But first (and briefly), I’ll explain the numbering in the title. Slade House is the 15th book I’ve reviewed on this blog this year but the 42nd book I’ve read (according to Goodreads). No, I’m not going to hit my goal of 50 this year, but I’ll talk about that later.
So. Slade House. It’s my fourth Mitchell novel. First came Cloud Atlas, then The Thousand Autumns of Jacob de Zoet, then The Bone Clocks, all of which I’ve talked about here. Mitchell intrigues me, and Slade House has only added to my interest. At this rate, I’ll be a fanatic before long.
It’s a genre-bender: a supernatural mystery of sorts. Every nine years, something happens at Slade House, and each of these occurrences has its own story with its own first-person narrator. The first is a boy, brought there by his mother, who expects to meet musical society-types there, sort of reliving her past. The boy meets a new friend in the garden, and they play a game that ends in everything going strange – and eventually wrong. Nine years later, a policeman finds the house, and something similar happens. Every nine years, the same thing.
Of course, things eventually become more complicated, and we get closer and closer to figure out what’s really going on. So it’s basically a ghost story about a mysterious house, but since it’s David Mitchell, it’s not quite that simple, and it’s tied to some of his other books, especially The Bone Clocks. (The connections are bonus-level: you really don’t have to have read The Bone Clocks to know what’s going on.) It’s a super-fun quick read.
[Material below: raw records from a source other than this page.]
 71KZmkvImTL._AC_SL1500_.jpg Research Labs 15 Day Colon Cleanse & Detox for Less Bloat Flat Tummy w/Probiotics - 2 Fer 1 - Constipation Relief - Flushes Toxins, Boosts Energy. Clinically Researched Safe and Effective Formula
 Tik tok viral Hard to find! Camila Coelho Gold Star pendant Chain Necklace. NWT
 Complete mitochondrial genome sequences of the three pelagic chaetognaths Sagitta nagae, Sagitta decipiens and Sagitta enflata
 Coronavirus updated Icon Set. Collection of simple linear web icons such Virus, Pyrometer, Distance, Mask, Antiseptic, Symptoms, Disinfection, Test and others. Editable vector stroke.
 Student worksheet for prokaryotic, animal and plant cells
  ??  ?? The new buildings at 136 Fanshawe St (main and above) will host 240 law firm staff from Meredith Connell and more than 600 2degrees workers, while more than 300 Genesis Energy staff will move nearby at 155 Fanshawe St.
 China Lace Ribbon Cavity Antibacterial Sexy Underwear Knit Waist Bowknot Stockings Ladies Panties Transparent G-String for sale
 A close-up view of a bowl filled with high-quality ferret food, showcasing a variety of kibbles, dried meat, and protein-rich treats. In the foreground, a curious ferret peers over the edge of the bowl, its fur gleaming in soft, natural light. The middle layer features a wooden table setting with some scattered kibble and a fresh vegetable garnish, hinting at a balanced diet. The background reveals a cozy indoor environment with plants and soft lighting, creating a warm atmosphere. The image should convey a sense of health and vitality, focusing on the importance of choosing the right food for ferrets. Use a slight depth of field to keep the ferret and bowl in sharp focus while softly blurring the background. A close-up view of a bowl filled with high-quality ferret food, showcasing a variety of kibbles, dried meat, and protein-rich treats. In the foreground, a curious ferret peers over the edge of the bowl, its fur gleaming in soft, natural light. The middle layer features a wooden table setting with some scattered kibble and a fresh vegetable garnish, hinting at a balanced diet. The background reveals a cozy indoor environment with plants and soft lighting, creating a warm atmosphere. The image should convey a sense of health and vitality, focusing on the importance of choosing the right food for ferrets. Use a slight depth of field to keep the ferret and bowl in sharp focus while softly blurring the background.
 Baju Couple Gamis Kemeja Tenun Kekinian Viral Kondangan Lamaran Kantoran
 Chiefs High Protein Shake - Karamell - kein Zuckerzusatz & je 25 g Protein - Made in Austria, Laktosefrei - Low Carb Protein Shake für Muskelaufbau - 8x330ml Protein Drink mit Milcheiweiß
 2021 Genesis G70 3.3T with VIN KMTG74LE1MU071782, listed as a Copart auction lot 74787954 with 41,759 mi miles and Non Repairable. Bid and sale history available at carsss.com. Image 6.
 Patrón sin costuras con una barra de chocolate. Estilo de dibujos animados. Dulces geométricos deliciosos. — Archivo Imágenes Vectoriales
Mitchell has several other books that I haven’t read yet, but I liked Slade House enough that I’m going to move them up in my TBR Pile. I’ll do my best not to reread Cloud Atlas or The Bone Clocks anytime soon, but no promises. Since I’m reading relatively little right now, I’d like to stick to books I haven’t read.
Which all means that you should run to your local library or bookstore and get your hands on a copy of Slade House. You won’t regret it. I generally hate mysteries, but I guess the ghost story part was enough to hold my interest. And if you’ve read Bone Clocks, you definitely need to read it. Drop what you’re doing and go.